[Kaggle Dataset](https://www.kaggle.com/sootersaalu/amazon-top-50-bestselling-books-2009-2019)

# EDA of Amazon's Top 50 Bestselling Books 2009 - 2019

In [None]:
import pandas as pd
import matplotlib.pyplot as plt
import numpy as np

In [None]:
df = pd.read_csv('amazon-bestsellers.csv')
df.head()

This dataset contains 3 categorical columns (Name, Author, and Genre) and 4 numerical columns (User Rating, Reviews, Price, Year).

## Check for missing data

In [None]:
df.shape # Seems like there are no books omitted

In [None]:
df.info()

Looking at the non-null counts for all columns, it's clear that there are no missing values in the dataset.

The "Genre" column seems to only contain 2 values.
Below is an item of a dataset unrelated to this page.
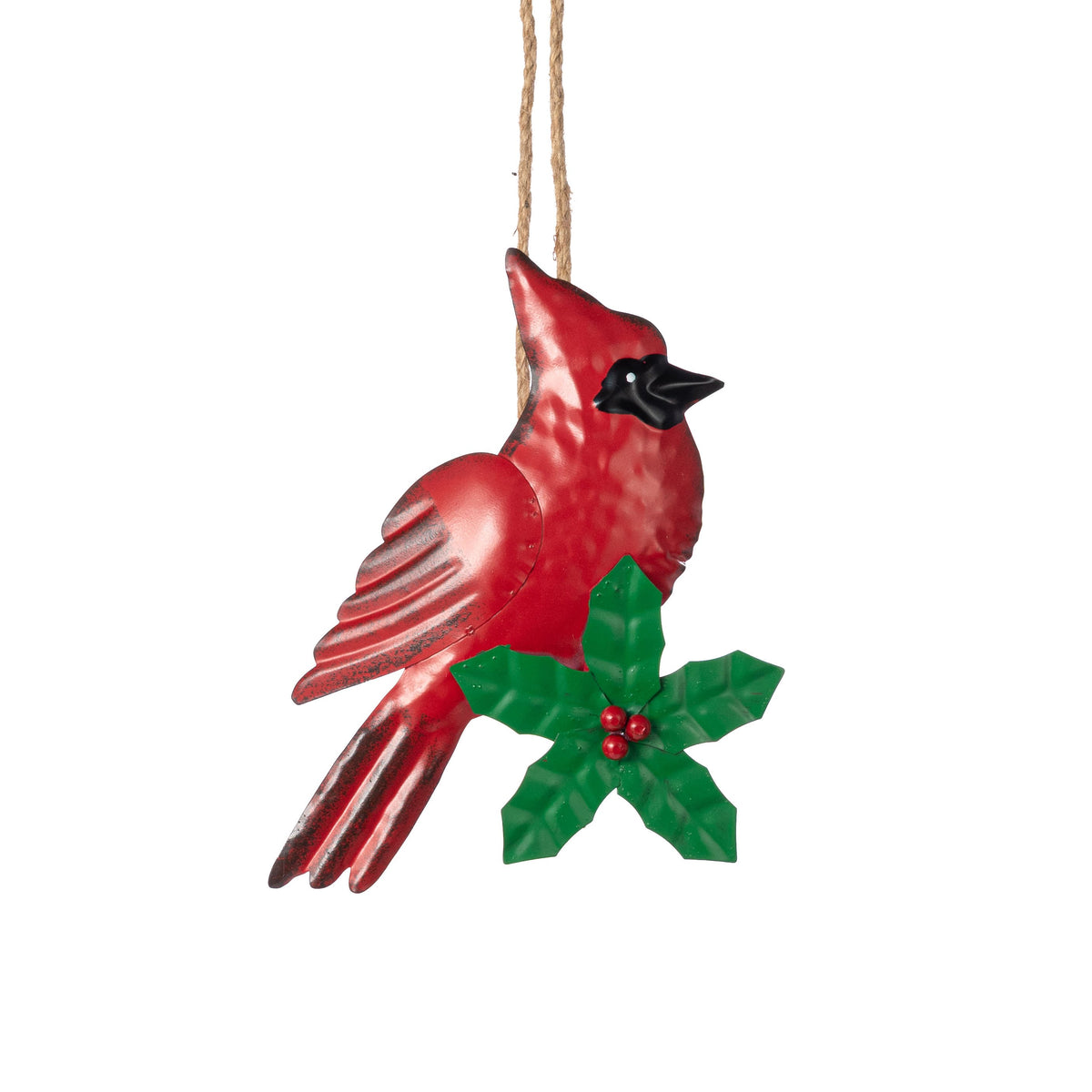 8" Metal Cardinal on Holly Ornament Item Number: 571011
It would make sense to convert it from an "object" dtype to a "category" dtype.

In [None]:
df['Genre'] = df['Genre'].astype('category')

## Cleaning Data

### Name

In [None]:
categorical_columns = df.select_dtypes(exclude=[np.number]).columns

In [None]:
for col in categorical_columns:
    print(f'Number of values before title() in {col}: {len(set(df[col]))}', f'Number of values after title() in {col}: {len(set(df[col].str.title()))}')

The "Name" column seems to contain 1 value that has a capitalization difference. The following cell fixes it.

In [None]:
df['Name'] = df['Name'].str.title()

In [None]:
for col in categorical_columns:
    print(f'Number of values before title() in {col}: {len(set(df[col]))}', f'Number of values after title() in {col}: {len(set(df[col].str.title()))}')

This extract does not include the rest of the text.